- What needs to be done:
Copy out exactly the lines spanning the line with "DNA Damage And Cancer" to the line with "foto hembra yorkshire terrier lara", inclusive, from the data underneath, with no pictures.

- Source material:

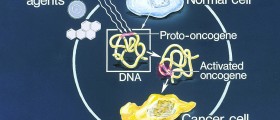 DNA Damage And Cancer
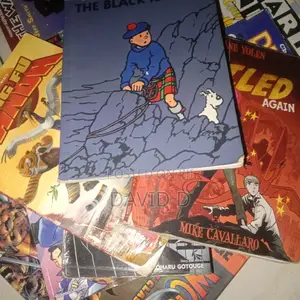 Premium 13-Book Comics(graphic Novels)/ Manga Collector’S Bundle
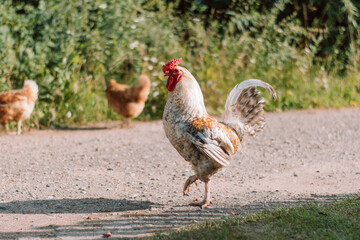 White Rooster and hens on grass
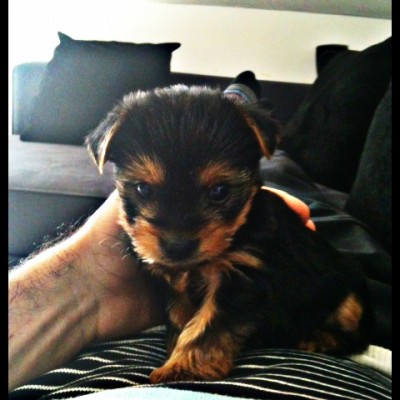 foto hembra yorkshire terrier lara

--

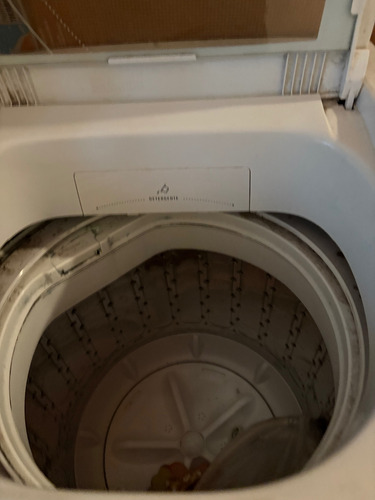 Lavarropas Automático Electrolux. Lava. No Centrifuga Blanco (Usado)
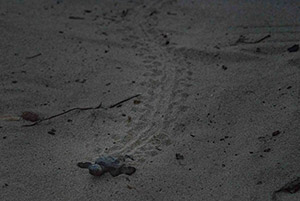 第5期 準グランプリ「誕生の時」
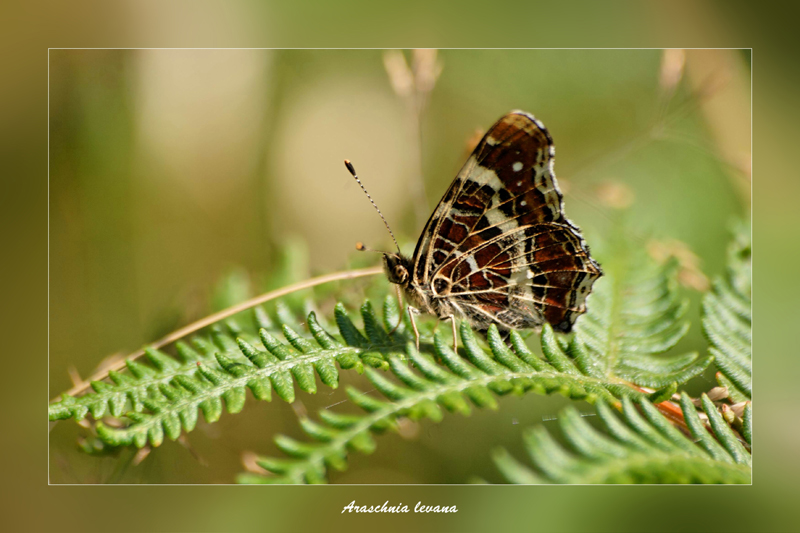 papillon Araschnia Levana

- Your response:
 DNA Damage And Cancer
 Premium 13-Book Comics(graphic Novels)/ Manga Collector’S Bundle
 White Rooster and hens on grass
 foto hembra yorkshire terrier lara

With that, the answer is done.